• Materials provided
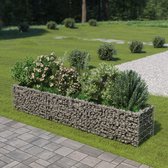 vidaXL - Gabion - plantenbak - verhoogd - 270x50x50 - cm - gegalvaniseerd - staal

--

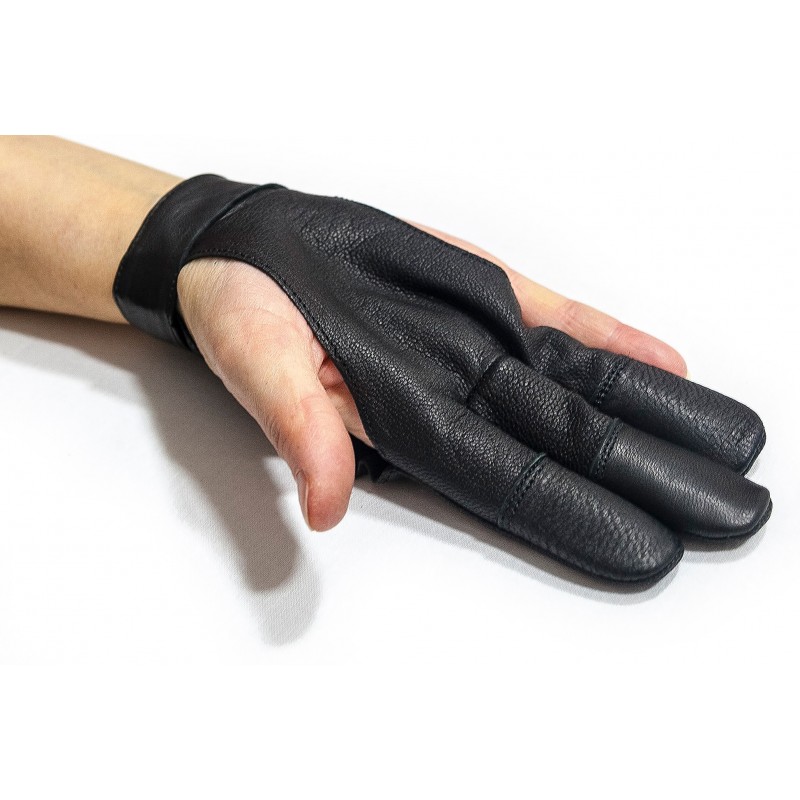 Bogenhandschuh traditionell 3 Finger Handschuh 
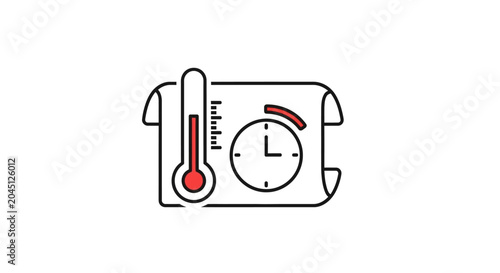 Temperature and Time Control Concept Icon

• Problem details
Beginning with the line above that has "Bogenhandschuh traditionell 3" and going on through the line that has "Temperature and Time Control Concept Icon", retype every line exactly and add nothing else; drop the pictures.

• Completed exercise
 Bogenhandschuh traditionell 3 Finger Handschuh 
 Temperature and Time Control Concept Icon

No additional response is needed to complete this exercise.